U.S. Embassy in Venezuela Is Withdrawing Its Diplomatic Workers
The United States is withdrawing all the remaining diplomatic personnel from its embassy in Venezuela’s capital, Caracas, because of worsening conditions in the country, Secretary of State Mike Pompeo said on Tuesday.
Mr. Pompeo said the move reflected the “deteriorating situation” in the country and the belief that the presence of American diplomats “has become a constraint on U.S. policy.”
Much of the country, including Caracas, has been without power for five days, with no end to the blackouts in sight. Even before the blackouts, the country was struggling with violence, food shortages and the collapse of its public health system, leaving many without access to lifesaving medical care. The blackouts worsened the situation at barely functioning hospitals, where patients begged for care.
Years of corruption, hyperinflation and a cratering economy set the table for a deeper crisis that began in January, when President Nicolás Maduro was sworn in after winning re-election. Opposition leaders refused to acknowledge the election as legitimate, and one of them, Juan Guaidó, declared himself the interim president.

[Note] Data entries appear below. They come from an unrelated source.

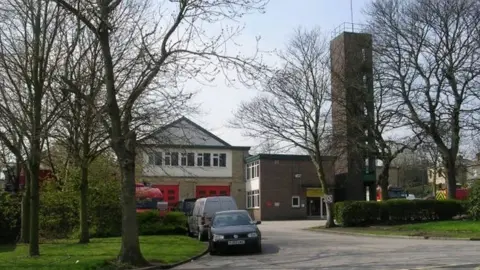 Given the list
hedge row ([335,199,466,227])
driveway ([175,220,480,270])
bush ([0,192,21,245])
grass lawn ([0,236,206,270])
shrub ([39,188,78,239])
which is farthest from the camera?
hedge row ([335,199,466,227])

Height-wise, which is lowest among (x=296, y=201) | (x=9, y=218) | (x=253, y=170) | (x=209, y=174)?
(x=9, y=218)

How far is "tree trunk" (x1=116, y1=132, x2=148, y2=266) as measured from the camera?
52.6 ft

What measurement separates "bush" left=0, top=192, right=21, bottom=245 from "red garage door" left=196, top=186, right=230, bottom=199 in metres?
34.3

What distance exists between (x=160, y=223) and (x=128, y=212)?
14914 mm

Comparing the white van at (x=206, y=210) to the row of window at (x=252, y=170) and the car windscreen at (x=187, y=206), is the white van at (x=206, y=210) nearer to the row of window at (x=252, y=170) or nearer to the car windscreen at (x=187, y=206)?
the car windscreen at (x=187, y=206)

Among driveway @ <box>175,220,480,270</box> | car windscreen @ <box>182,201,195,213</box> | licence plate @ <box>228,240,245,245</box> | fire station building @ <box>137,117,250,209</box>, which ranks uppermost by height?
fire station building @ <box>137,117,250,209</box>

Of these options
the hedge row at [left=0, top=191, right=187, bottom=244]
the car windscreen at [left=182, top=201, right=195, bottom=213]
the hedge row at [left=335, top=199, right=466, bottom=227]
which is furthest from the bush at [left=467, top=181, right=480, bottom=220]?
the hedge row at [left=0, top=191, right=187, bottom=244]

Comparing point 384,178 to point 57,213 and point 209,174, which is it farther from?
point 209,174

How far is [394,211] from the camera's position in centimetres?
3753

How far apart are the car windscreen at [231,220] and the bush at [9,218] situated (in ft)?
38.9

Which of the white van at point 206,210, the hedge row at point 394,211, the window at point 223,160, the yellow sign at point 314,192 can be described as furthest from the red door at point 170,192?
the white van at point 206,210

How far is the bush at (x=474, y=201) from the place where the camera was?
33750mm

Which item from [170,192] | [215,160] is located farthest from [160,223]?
[215,160]

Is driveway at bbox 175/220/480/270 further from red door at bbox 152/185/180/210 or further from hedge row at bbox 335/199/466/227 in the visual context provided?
red door at bbox 152/185/180/210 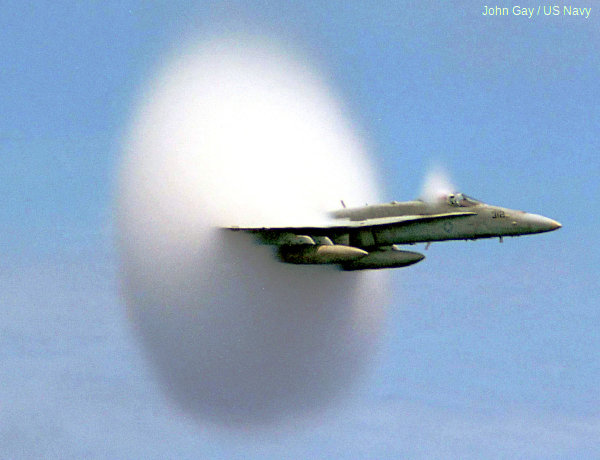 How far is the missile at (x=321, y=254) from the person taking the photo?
3725cm

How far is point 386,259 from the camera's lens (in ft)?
127

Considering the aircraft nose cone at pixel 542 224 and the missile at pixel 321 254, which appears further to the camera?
the missile at pixel 321 254

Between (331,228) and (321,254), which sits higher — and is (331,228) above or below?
above

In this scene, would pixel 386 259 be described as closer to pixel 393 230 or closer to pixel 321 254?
pixel 393 230

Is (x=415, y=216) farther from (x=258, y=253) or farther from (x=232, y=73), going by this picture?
(x=232, y=73)

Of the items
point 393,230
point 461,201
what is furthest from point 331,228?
point 461,201

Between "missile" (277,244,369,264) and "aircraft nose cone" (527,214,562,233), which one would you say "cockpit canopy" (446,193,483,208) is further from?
"missile" (277,244,369,264)

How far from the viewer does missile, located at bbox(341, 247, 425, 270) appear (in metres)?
38.4

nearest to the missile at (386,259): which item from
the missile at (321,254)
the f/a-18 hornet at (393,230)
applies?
the f/a-18 hornet at (393,230)

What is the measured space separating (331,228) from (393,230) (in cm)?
257

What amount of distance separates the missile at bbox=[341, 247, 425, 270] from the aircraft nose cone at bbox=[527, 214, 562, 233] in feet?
15.1

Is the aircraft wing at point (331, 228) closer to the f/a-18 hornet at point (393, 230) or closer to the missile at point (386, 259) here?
the f/a-18 hornet at point (393, 230)

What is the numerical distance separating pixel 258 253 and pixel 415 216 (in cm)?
770

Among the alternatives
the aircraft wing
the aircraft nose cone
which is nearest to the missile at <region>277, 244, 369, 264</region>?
the aircraft wing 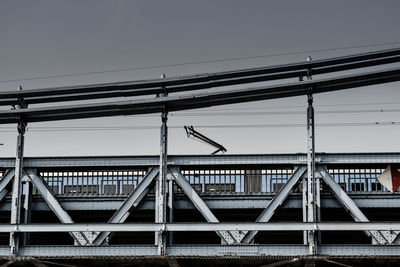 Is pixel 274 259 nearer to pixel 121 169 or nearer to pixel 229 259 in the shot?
pixel 229 259

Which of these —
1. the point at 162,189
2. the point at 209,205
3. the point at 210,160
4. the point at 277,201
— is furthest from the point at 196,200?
the point at 277,201

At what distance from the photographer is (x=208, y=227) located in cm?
3291

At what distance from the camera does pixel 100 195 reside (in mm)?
37312

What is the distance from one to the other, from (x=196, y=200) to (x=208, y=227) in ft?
8.00

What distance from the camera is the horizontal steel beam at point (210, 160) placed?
34.9 metres

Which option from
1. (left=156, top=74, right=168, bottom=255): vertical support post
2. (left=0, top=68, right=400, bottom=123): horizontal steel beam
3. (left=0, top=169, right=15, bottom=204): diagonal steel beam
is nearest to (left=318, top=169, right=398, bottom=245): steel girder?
(left=0, top=68, right=400, bottom=123): horizontal steel beam

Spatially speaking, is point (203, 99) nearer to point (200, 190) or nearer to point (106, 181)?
point (200, 190)

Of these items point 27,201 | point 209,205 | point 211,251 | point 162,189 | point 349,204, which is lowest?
point 211,251

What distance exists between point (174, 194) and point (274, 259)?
6704mm

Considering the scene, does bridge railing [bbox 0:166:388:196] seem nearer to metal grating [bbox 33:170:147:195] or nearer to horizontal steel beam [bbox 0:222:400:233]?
metal grating [bbox 33:170:147:195]

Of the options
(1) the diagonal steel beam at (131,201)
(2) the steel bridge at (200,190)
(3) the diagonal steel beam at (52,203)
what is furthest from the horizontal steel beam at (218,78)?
(1) the diagonal steel beam at (131,201)

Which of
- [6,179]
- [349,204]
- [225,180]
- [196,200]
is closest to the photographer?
[349,204]

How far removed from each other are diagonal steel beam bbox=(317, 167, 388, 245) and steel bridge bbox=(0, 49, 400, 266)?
0.17ft

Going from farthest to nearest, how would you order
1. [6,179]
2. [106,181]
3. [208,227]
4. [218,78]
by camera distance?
[106,181], [218,78], [6,179], [208,227] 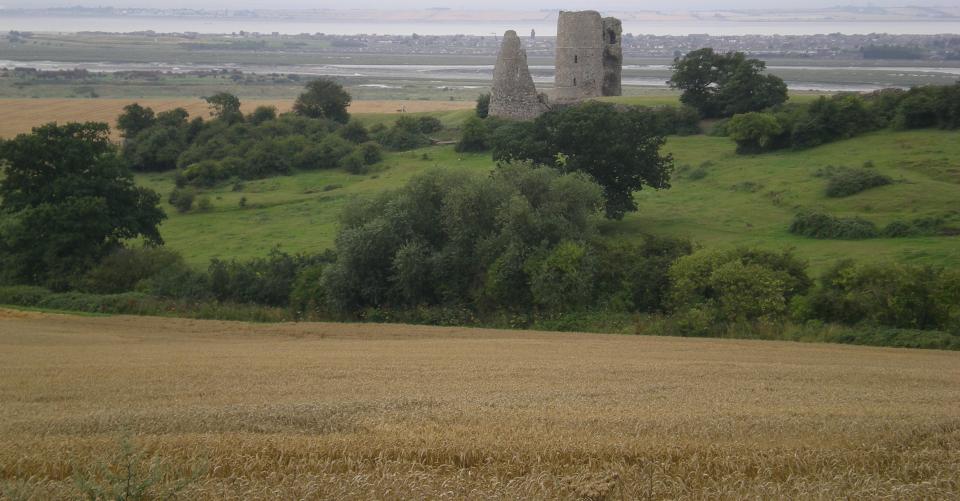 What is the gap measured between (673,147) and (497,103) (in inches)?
669

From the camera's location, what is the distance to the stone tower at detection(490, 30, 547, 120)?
66.9 metres

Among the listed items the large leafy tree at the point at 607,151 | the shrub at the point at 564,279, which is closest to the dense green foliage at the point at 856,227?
the large leafy tree at the point at 607,151

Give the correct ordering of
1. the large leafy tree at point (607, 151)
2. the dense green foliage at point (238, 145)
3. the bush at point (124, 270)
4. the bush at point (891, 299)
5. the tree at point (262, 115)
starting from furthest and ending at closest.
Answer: the tree at point (262, 115)
the dense green foliage at point (238, 145)
the large leafy tree at point (607, 151)
the bush at point (124, 270)
the bush at point (891, 299)

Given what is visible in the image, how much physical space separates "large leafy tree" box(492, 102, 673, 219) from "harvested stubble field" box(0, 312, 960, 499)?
66.9 feet

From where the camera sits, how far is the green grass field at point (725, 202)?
3494 centimetres

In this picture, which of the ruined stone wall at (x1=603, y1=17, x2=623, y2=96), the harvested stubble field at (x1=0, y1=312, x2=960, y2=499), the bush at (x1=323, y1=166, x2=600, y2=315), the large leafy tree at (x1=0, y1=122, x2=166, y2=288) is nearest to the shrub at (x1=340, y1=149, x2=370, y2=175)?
the large leafy tree at (x1=0, y1=122, x2=166, y2=288)

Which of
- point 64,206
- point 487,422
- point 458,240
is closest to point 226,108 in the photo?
point 64,206

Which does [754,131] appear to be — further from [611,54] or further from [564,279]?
[564,279]

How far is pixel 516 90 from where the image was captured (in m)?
67.8

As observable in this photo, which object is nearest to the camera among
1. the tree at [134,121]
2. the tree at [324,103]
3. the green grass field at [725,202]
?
the green grass field at [725,202]

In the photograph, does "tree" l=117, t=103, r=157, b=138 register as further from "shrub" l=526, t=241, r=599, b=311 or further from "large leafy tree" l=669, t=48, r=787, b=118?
"shrub" l=526, t=241, r=599, b=311

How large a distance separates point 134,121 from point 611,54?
1628 inches

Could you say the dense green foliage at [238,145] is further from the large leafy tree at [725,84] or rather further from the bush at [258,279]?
the large leafy tree at [725,84]

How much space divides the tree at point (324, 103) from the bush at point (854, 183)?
50.1m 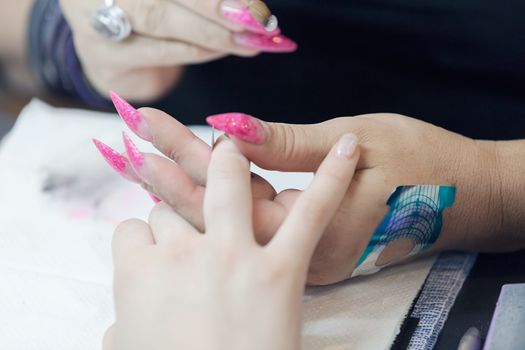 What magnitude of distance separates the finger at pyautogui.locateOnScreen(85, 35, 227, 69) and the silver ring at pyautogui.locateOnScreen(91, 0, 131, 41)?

The United States backed Mr. Guaidó, prompting Mr. Maduro to cut diplomatic ties and accuse the United States of orchestrating a plot to overthrow him. President Trump has exerted pressure on Mr. Maduro through sanctions, including those on a Russia-based bank that the United States said helped Mr. Maduro circumvent earlier sanctions.
The Venezuelan government has blamed the United States for the blackouts, claiming without evidence that they were the result of sabotage and cyberattacks. Outside experts have dismissed those accusations, but the true cause remains unclear.
The United States has accused Cuba and Russia of propping up Mr. Maduro, and on Monday, Mr. Pompeo blamed them for the blackouts.
“When there is no electricity, thank the marvels of modern Cuban-led engineering,” Mr. Pompeo said sarcastically. “When there’s no water, thank the excellent hydrologists from Cuba. When there’s no food, thank the Cuban communist overlords.”
Mr. Pompeo argued on Monday that support was increasing for Mr. Guaidó, who is supported by more than 50 other nations, including several of Venezuela’s neighbors.
“We wish things could go faster, but I am very confident that the tide is moving in the direction of the Venezuelan people,” Mr. Pompeo said.